Auch die Internationale Energieagentur rechnet mit erneut mit einem Anstieg des CO2-Ausstoßes weltweit. Ihr Exekutivdirektor Fatih Birol forderte mehr Anstrengungen, um den Anteil erneuerbarer Energien zu erhöhen. So sieht es auch Wendel Trio vom "Climate Action Network", einem weltweiten Verbund von Klimaschützern. Es reiche eben nicht, dass die Staaten das Pariser Abkommen unterzeichnet haben.

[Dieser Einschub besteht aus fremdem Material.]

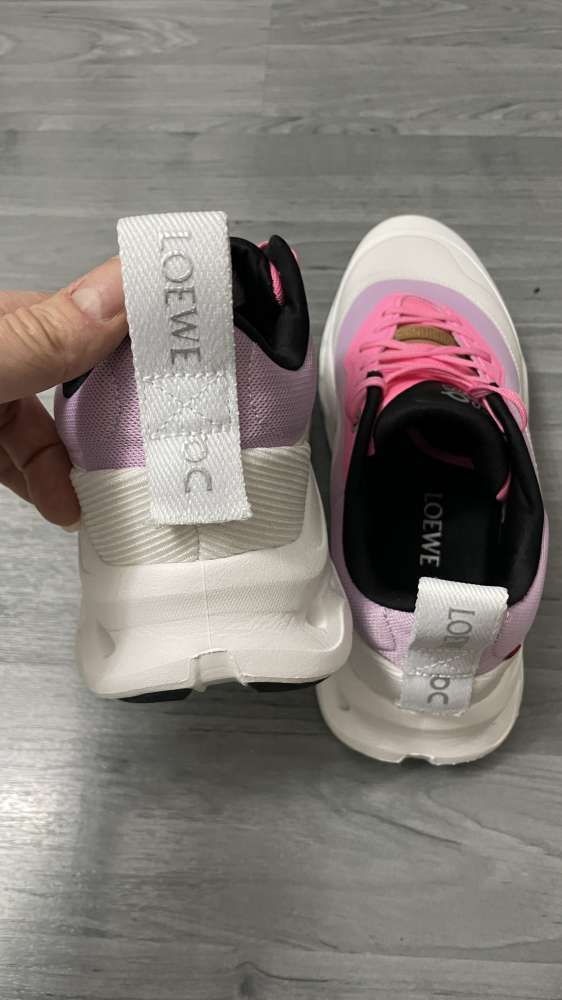 LOEWE x On Runing Cloudtilt Comfortable stylish women’s pink white.
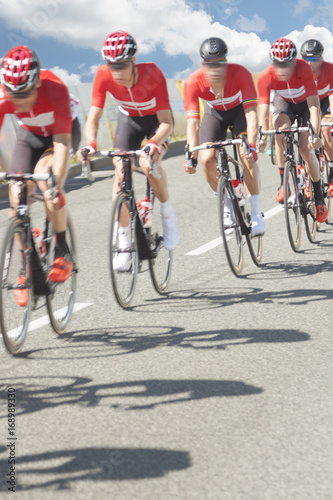 Plakat Grupa rowerzysty podczas wyścigu, rozmycie ruchu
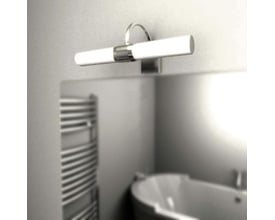 Vægarmatur Astro 0335 Dayton i krom, monteret ved et spejl med lyskilder tændt.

"Jetzt, wo die Staaten das Abkommen haben, müssen sie es auch umsetzen und das heißt, sie müssen aktiv werden. Sie können nicht bis 2030 oder 2050 oder bis wann auch immer warten. Sie müssen es jetzt tun."
Hoffnung auf eine Wende
Corinne le Quere vom Tyndall Centre sieht für die nächsten Jahre durchaus Grund zur Hoffnung auf eine Wende.
"Ich setze wirklich große Hoffnungen auf die Zeit bis 2020. Dann müssen die Regierungen sich wieder an einen Tisch setzen und ihre neuen Selbstverpflichtungen nach dem Pariser Abkommen mitbringen. Sie müssen ehrgeiziger sein als das, was sie in Paris zugesagt haben. Dann werden wir einen Wendepunkt sehen."
Denn die Preise für Wind- und Sonnenenergie sinken immer weiter, heißt es in dem "Nature"-Artikel. In Ländern wie Marokko, Chile und Ägypten werde Solarstrom inzwischen für weniger als drei Cent pro Kilowattstunde erzeugt. Die Kohle könne so aus dem Markt gedrängt werden. Mehr als die Hälfte aller neu geschaffenen Kapazitäten für die Energieversorgung sei bereits erneuerbar. Auch Batterien, die für die Anpassung des Stromangebots an die Nachfrage dringend erforderlich sind, werden schnell billiger. Wenn die Trends so weitergehen, werde um das Jahr 2030 etwa die Hälfte der Stromerzeugung weltweit aus erneuerbaren Quellen stammen.